Each of these branches are scripted to specific journal entries and whether or not the player has an intelligence of at least 10, or if the player has lower than 10 intelligence.
This is what the first branch of dialogue looks in normal intelligence:
This is what the first branch of dialogue looks in low intelligence:
At this point, one might be concerned that is no real individuality to either of them. The low dialogue options are just rewritten to reflect a dumb character. When I decided to write low intelligence dialogues, I didn't want players to play a low intelligence character and find out they couldn't do half the things a normal intelligence character could do. This technique was implemented in Fallout 3 and Fallout New Vegas, so I am not treading new ground here.

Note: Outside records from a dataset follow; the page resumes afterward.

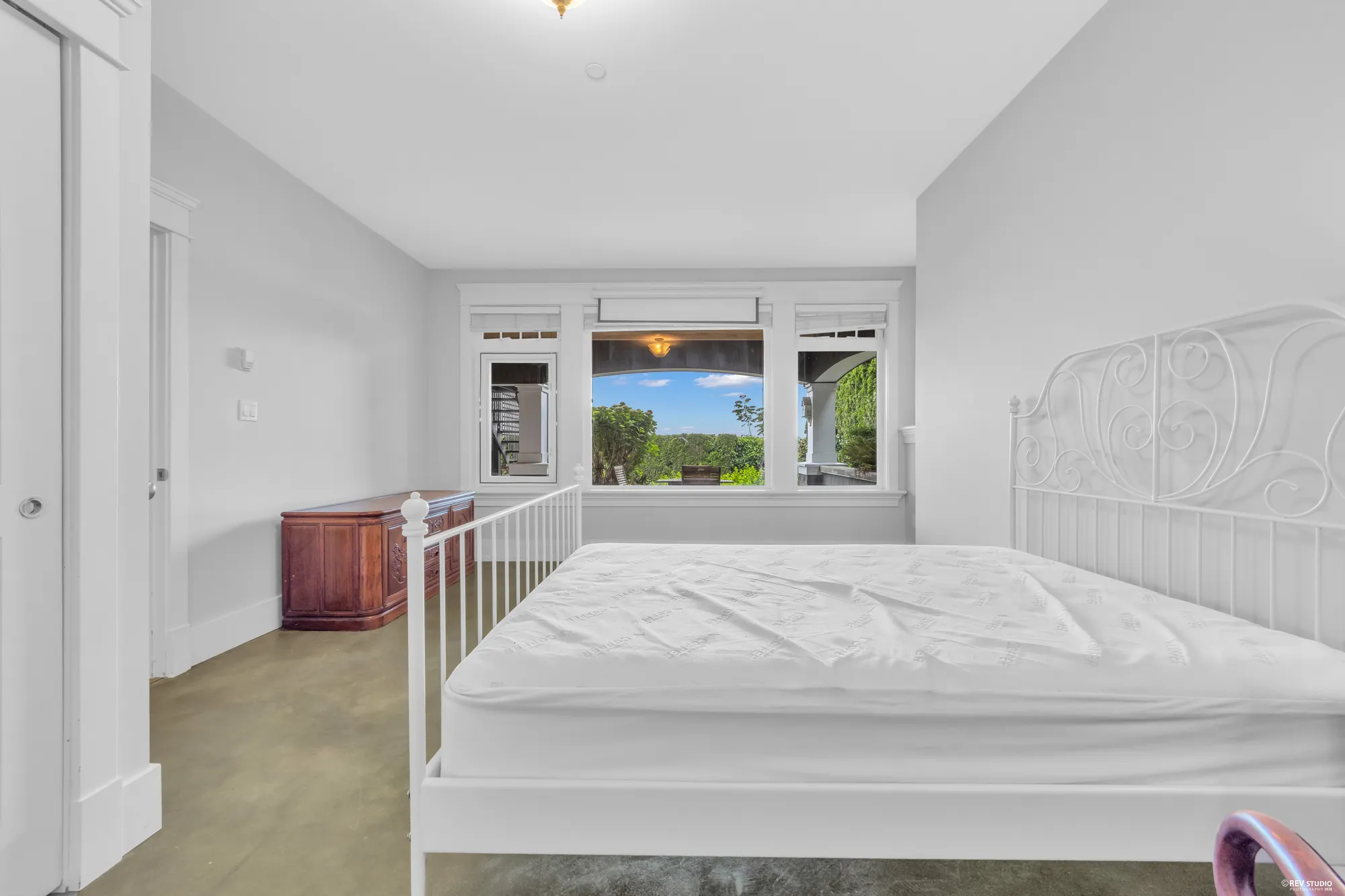 The lower bedroom with a window seat, a bed frame and the window onto the garden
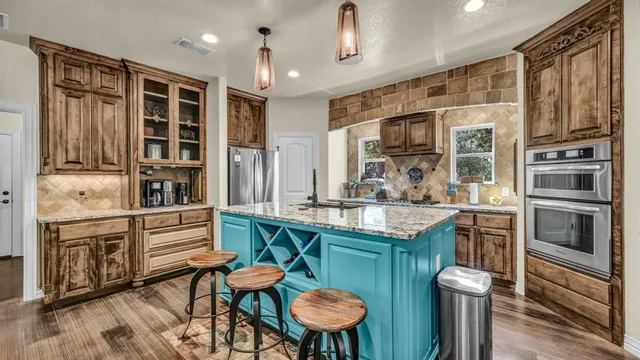 a kitchen with stainless steel appliances granite countertop a stove and cabinets
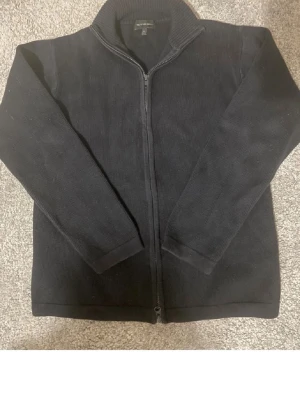 Svart stickad kofta från Steel - Klassisk svart stickad kofta från Steel i storlek S. Tröjan har hel dragkedja framtill, hög krage och långa ärmar. Perfekt för lager på lager och enkel att matcha med olika outfits.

Drilling down further into this dialogue, Longfellow does respond to a low intelligence character by noting the player's less than proper speech. These small modifications are how I individualize a low intelligence character from a normal intelligence character.
Captain Longfellow is not actually a very good example of these small modifications, since he needs to be this ‘one size fits all character' and is pertinent to the main quest. Not all npc dialogues are this large however. Each character has at least 2 dialogues: one for low and one for normal.
This dialogue is with a bunch of children whereby the player gets heckled repeatedly because of the low intelligence statistic. The children acknowledge that the player is a ‘dumb dumb.' It also reinforces the claim that these three are the ‘trifecta of terror.'
The normal intelligence version of this dialogue still has a ton of heckling; however the heckling is more general.
In Fallout 2, there was one conversation where a player with low intelligence could have a decent conversation. This was with Torr, the town fool of Klamath. Torr spoke in broken English which was followed by proper if flowery sentences in parentheses. The player could engage Torr and get an additional quest only if the player had a low intelligence.
In spirit of Torr, the quest I created for low intelligence characters involves four goblins who speak pig Latin. One goblin is mute; two can speak similar to Torr and can teach the player pig Latin and the fourth-the boss can only speak pig Latin. The player must ‘learn' the language. Or not. I give the player the freedom to choose how they want to play the quest out. Players of normal intelligence can also carry out this quest, but it is simpler for them.
I am considering allowing wizards/sorcerers/clerics/bards to cast a plot spell (Comprehend Languages) through dialogue to communicate with the goblins. I'm not sure if I'm willing to do this yet, but it would add another interesting layer to the quest.
Here is a screenshot of one of the goblin's dialogues.
These are examples of the low intelligence dialogues I am implementing in my project. So far, it's been fun writing them and I understand why the increased workload limits statistic specific dialogue implementation in commercial video games. Not only do you need to test the normal intelligence dialogues, but also you'll need to test the low intelligence dialogues. Plus making sure all the scripts fire, the quests don't fail, and the journal entries update properly, and so on. It is a lot of work.